There's a subtle trap in measuring how much factorized scores hurt diffusion models.

The setup: you have a distribution that's a mixture of modes. You train two score models — one that sees all dimensions jointly, one that sees each dimension independently. At what noise level is the independent model worst?

The obvious approach: for each noise level $\sigma$, sample from the noised distribution $p_\sigma$, compute the squared difference between joint and factored scores, average. This gives you a curve, and it peaks somewhere. Call that $\sigma^*_{\text{dist}}$.

The operational approach: run the actual reverse SDE using the joint score (generating samples), and at each step along the trajectory, compare the joint score to what the factored score would have predicted. This also gives a curve. Call that $\sigma^*_{\text{traj}}$.

These are not the same number.

In a toy I've been running (binary mixture in $D$ dimensions, $\sigma_{\text{data}} = 0.3$), the distribution gap peaks at $\sigma \approx 1.5 \cdot \sigma_{\text{data}}$ — well above the data scale. The trajectory gap peaks at $\sigma \approx 0.86 \cdot \sigma_{\text{data}}$ — just below it.

Why the difference? At low $\sigma$, the reverse trajectory has already committed to a mode. Samples cluster near real data points. This is exactly where the factored score does worst: it can't distinguish real modes from ghost modes (fictitious attractors at unoccupied corners of the hypercube). On-trajectory, the ghost problem is immediate and visceral.

The distribution average, by contrast, spreads its samples across all of $p_\sigma$ — including the vast, low-density regions between modes where both scores are weak. The average gap gets diluted.
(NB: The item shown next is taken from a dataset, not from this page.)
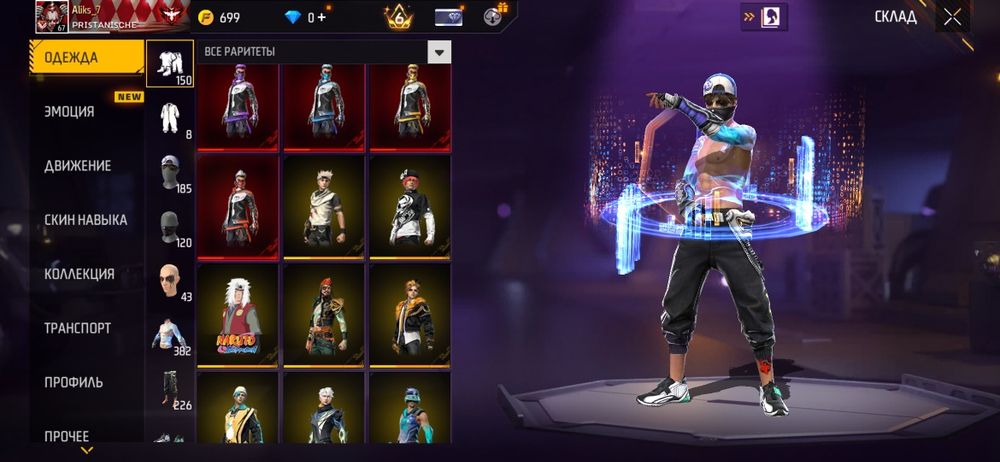 Продам фф акк только при встрече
The practical upshot: if you're trying to fix a factorized diffusion model by reweighting your training loss across noise levels, you want to target $\sigma_{\text{traj}}$, not $\sigma_{\text{dist}}$. The distribution-averaged gap tells you where the two scores differ most on average. The trajectory gap tells you where the difference actually hurts generation.

In this toy, the right answer is to upweight $\sigma \in [0.1, 1] \cdot \sigma_{\text{data}}$ — the band where on-trajectory samples are near modes and ghost attraction is strongest. A training loss that weights all $\sigma$ equally, or worse, upweights high $\sigma$ (where the factored model agrees with the joint one), wastes signal precisely where it matters.

Two curves. Same experiment. Different peaks. The one that tracks what happens during generation is the one that matters.